Nos últimos dias apareceram na comunicação social vários textos a favor de uma postura mais dura do Eurogrupo (sem links, que seriam demasiados). Nada contra. O assunto é importante e há alguns bons argumentos para defender uma posição musculada. Mas os que elenco de seguida – e que só hoje de manhã apareciam em três jornais – são mesmo de evitar.
#1 O PIB per capita dos gregos é mais alto do que português. Se estão preocupados, ajudem antes o Azerbaijão.
Na verdade, o PIB per capita (PIBpc) grego é ligeiramente mais baixo. Mas este é só um detalhe.
Uma questão prévia importante: será que o nível do PIBpc de um país é um bom indicador do seu bem-estar percebido? Obviamente não é, porque o bem-estar é acima de tudo um conceito relativo. Um trabalhador que ganhe 700€ e seja aumentado para 1000€ está subjectivamente em melhor situação do que um trabalhador que comece com 1300€ e, em virtude de um corte salarial, acabe com os mesmos 1000€. Deste ponto de vista, o facto de o PIBpc grego ser semelhante ao português é menos relevante do que o facto de ter caído quase 25% ao longo dos últimos anos.
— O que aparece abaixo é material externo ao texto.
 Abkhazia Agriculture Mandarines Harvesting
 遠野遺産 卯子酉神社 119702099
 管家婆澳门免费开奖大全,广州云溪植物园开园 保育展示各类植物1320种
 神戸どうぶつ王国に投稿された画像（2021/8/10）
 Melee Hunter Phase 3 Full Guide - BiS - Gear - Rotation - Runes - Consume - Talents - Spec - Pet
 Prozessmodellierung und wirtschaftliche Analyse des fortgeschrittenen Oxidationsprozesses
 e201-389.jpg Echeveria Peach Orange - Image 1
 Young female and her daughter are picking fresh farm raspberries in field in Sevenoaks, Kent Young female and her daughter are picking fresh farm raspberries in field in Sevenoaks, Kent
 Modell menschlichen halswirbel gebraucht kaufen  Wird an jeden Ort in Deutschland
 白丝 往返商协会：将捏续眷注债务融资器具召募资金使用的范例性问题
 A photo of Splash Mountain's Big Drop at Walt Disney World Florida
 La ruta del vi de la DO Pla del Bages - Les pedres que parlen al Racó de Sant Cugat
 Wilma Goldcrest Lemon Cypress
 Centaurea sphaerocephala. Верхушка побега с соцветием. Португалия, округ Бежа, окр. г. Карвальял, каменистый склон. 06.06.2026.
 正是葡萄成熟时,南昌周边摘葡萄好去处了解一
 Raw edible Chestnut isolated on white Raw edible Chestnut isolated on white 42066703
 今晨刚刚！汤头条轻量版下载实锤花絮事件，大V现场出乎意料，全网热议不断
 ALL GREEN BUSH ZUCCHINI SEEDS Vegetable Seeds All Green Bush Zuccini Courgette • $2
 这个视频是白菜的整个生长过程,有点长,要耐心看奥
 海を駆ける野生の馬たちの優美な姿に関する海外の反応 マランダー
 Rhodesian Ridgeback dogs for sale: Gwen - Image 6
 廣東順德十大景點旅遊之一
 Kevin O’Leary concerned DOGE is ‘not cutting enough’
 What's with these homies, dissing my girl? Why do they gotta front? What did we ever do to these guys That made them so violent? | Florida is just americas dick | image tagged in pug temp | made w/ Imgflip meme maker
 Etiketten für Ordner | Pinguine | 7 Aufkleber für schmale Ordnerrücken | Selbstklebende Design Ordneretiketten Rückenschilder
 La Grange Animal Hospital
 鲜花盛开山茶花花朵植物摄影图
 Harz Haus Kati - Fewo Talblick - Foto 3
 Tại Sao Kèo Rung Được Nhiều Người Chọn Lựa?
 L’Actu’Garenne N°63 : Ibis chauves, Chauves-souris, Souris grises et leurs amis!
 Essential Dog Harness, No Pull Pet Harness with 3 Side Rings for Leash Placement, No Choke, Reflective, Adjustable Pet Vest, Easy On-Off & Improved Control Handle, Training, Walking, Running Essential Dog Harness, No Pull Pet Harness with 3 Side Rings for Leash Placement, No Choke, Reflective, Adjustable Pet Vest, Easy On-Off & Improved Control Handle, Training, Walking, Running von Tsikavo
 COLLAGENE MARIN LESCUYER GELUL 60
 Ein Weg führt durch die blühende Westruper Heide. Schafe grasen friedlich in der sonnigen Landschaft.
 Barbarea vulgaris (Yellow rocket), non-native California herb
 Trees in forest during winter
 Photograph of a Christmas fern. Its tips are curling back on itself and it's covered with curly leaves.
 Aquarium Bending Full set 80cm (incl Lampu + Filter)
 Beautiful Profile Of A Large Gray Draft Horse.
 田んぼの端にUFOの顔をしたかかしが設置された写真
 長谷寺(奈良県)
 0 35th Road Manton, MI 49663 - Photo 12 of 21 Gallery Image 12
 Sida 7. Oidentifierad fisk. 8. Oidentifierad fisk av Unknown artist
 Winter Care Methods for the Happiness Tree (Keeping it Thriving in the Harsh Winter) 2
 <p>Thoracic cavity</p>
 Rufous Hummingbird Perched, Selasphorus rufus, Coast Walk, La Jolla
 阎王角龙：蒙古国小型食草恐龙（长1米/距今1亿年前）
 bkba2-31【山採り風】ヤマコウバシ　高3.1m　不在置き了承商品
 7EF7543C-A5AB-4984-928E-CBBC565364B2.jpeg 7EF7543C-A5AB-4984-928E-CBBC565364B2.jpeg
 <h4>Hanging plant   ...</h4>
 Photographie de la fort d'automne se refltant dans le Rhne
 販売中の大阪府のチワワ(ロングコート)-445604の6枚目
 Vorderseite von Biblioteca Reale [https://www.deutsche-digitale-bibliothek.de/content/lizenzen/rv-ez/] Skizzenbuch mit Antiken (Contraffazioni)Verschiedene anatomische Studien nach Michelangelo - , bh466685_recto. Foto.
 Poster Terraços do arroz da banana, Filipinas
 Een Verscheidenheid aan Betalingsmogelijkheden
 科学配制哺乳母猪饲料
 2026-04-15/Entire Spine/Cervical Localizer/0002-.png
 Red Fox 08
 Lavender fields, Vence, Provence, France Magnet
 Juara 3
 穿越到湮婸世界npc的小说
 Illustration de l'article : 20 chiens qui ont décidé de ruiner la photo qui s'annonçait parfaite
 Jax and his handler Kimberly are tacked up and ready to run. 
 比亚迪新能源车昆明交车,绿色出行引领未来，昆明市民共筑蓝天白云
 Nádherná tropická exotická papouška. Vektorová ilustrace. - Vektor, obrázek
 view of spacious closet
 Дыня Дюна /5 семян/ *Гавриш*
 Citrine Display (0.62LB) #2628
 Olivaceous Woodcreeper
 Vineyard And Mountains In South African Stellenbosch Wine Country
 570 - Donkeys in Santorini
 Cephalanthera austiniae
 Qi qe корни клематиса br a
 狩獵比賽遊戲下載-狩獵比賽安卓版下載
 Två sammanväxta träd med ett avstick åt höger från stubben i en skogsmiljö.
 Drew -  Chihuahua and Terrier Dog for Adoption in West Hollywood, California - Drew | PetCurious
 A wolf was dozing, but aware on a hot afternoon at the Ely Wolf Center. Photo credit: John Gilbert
Um problema adicional é que esta redução de rendimentos não é uniforme. Num mundo ideal, uma recessão de 25% deixaria cada grego com um salário ou uma pensão 25% mais pequenos, e seria um problema gerível. No mundo como o conhecemos, porém, a recessão não atinge todos por igual. Há um fenómeno económico curioso (e pelos vistos pouco conhecido) que faz com que uma boa parte da população consiga conservar a maior parte do seu rendimento, obrigando assim “o resto” a absorver a maior parte da perda de poder de compra.
Esse fenómeno chama-se desemprego. Neste momento, os gregos não estão todos 25% mais pobres. Muitos estão marginalmente mais pobres e um grupo considerável perdeu quase todas as suas fontes de rendimento. Esta segunda imagem é um pouco menos benigna do que a primeira (leitura recomendada: esta, esta e esta).
Dito isto (ou para além de tudo isto), há três diferenças cruciais que fazem com que ajudar a Grécia não seja igual a ajudar o Azerbaijão.
Em primeiro lugar, o PIBpc do Azerbaijão é baixo mas isso resulta apenas das limitações dos seus factores produtivos: com uma taxa de desemprego de 6%, não há razões para crer que este país esteja a funcionar longe do seu potencial. No caso da Grécia, o PIBpc estará cerca de 15 a 20% abaixo do seu limite máximo, o que implica um enorme desperdício de recursos. É este desperdício de recursos, e não o nível do PIBpc em si, que representa uma tragédia macroeconómica para a qual é urgente encontrar solução. O PIBpc actual da Grécia não é, ao contrário do PIBpc do Azerbaijão, um facto da vida com o qual tenhamos de conviver.